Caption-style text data
━━━━━━
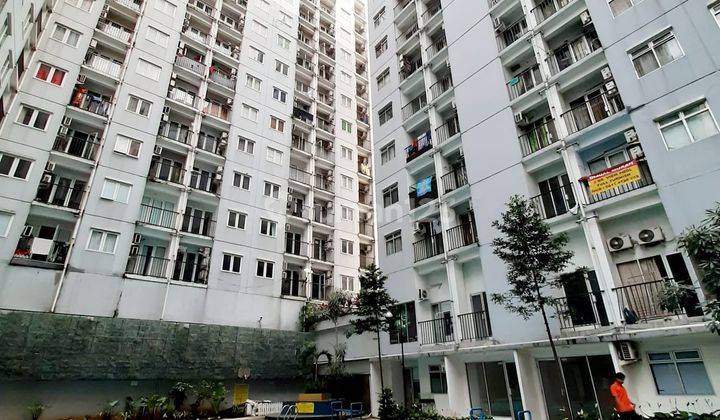 Apartemen Paragon 2 BR corner bagus cantik  4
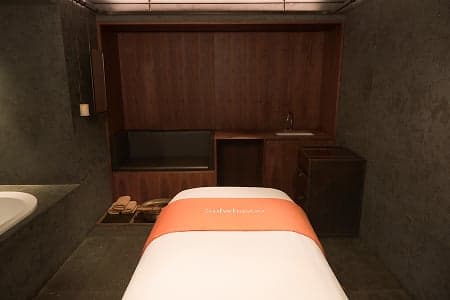 Sulwhasoo Spa Gangnam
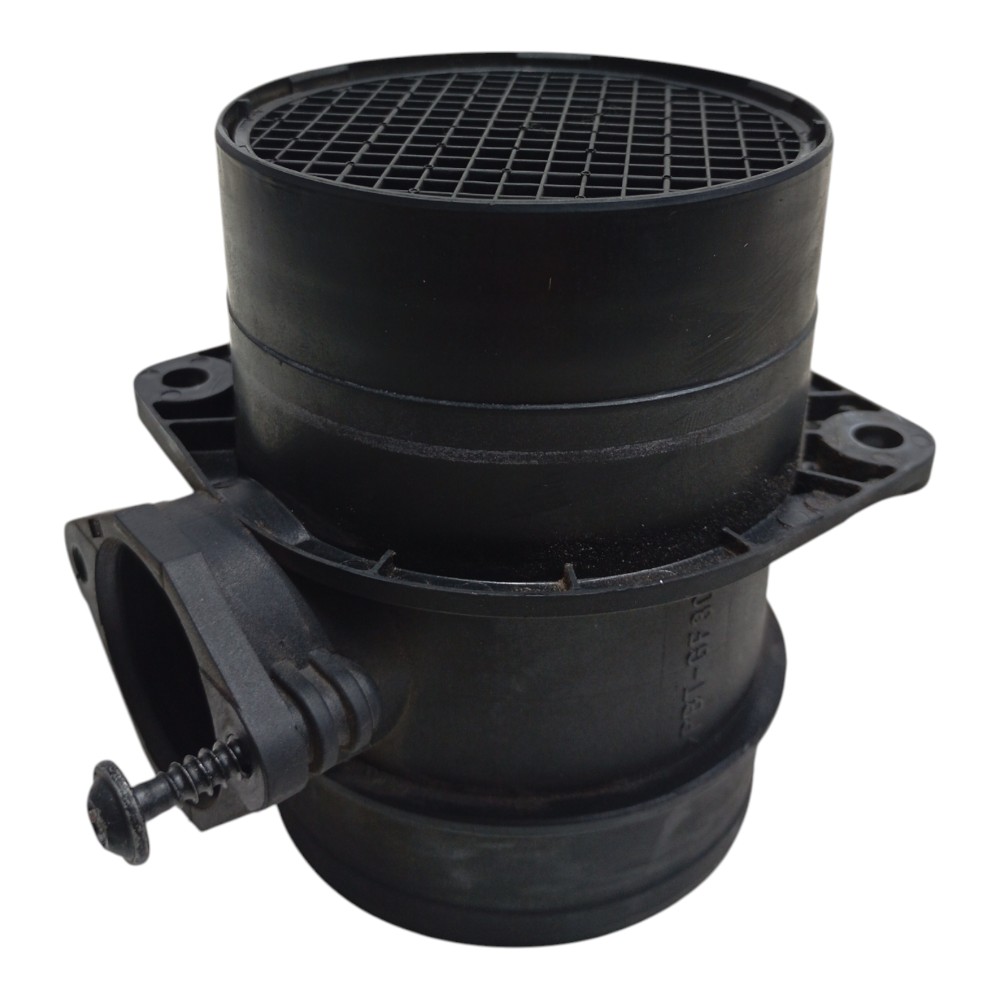 Medidor Fluxo Ar Sem Sensor Volkswagen Jetta 2.5 2007 2008 5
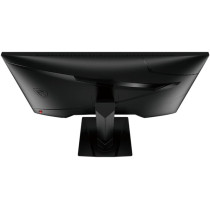 MSI G274QPF-QD, 27 Inch Gaming Monitor, 2560 x 1440(QHD), IPS, 170Hz, Freesync Premium, Hdr400, HDMI, Display Port, USB C, Tilt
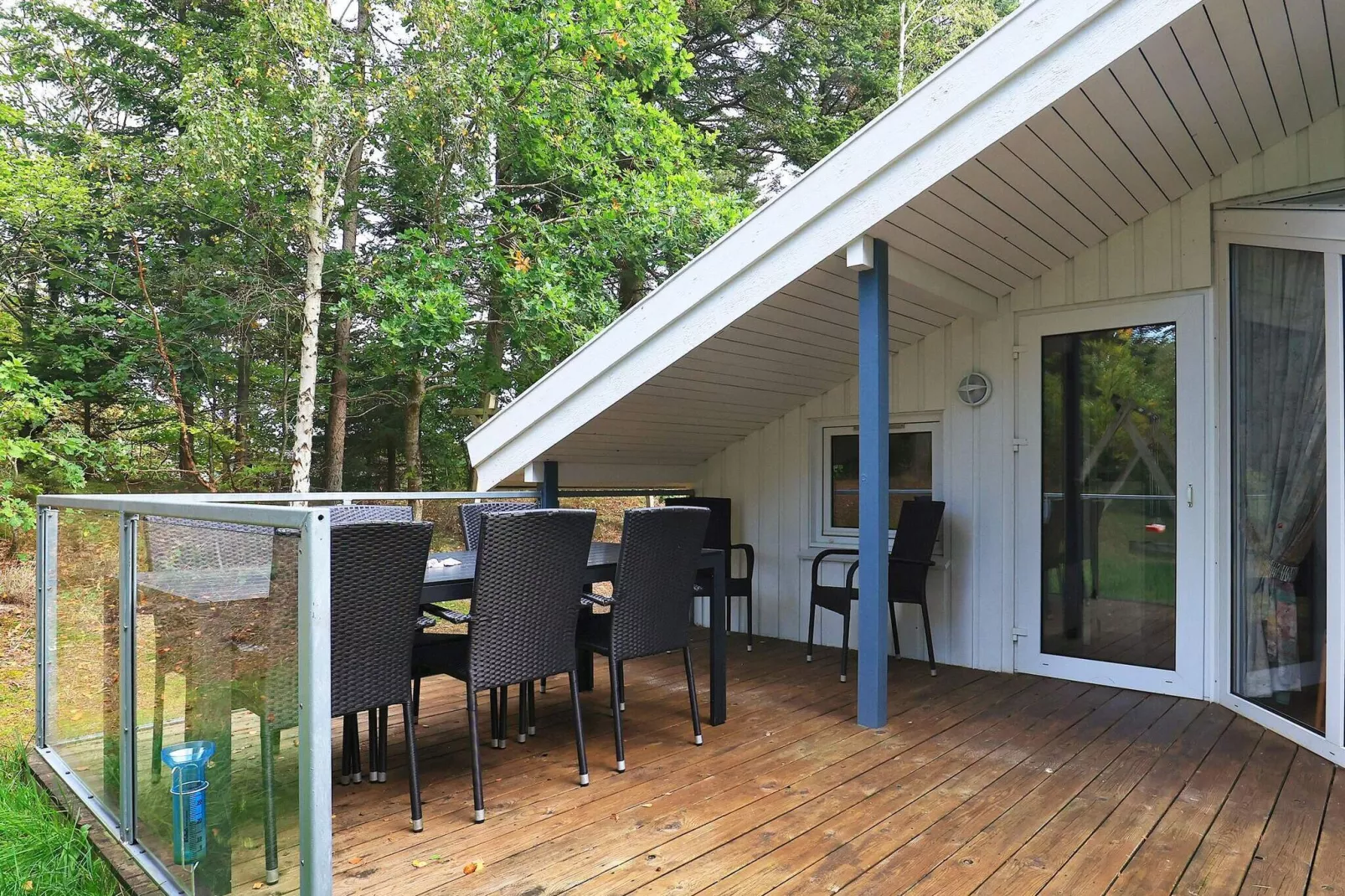 6 person holiday home in Saltum-View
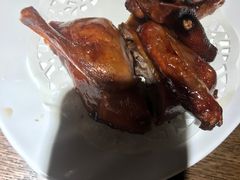 -嘉旺港式茶餐厅(延长中路店)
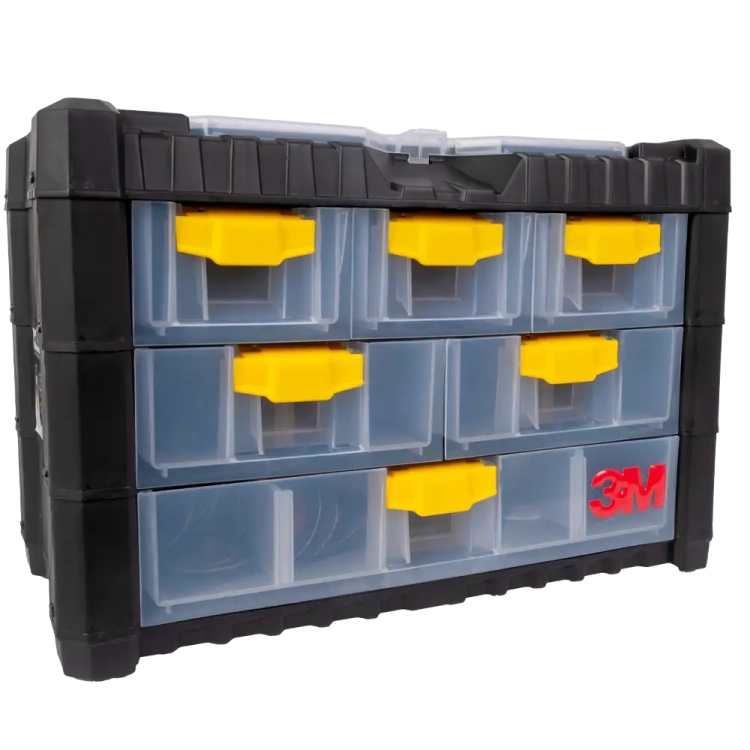 Zestaw Bodyman z Cubitron II 3M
━━━━━━
* _The task_
Pictures are to be excluded; the records themselves are to be reproduced exactly.

* _Solution to the problem_
 Apartemen Paragon 2 BR corner bagus cantik  4
 Sulwhasoo Spa Gangnam
 Medidor Fluxo Ar Sem Sensor Volkswagen Jetta 2.5 2007 2008 5
 MSI G274QPF-QD, 27 Inch Gaming Monitor, 2560 x 1440(QHD), IPS, 170Hz, Freesync Premium, Hdr400, HDMI, Display Port, USB C, Tilt
 6 person holiday home in Saltum-View
 -嘉旺港式茶餐厅(延长中路店)
 Zestaw Bodyman z Cubitron II 3M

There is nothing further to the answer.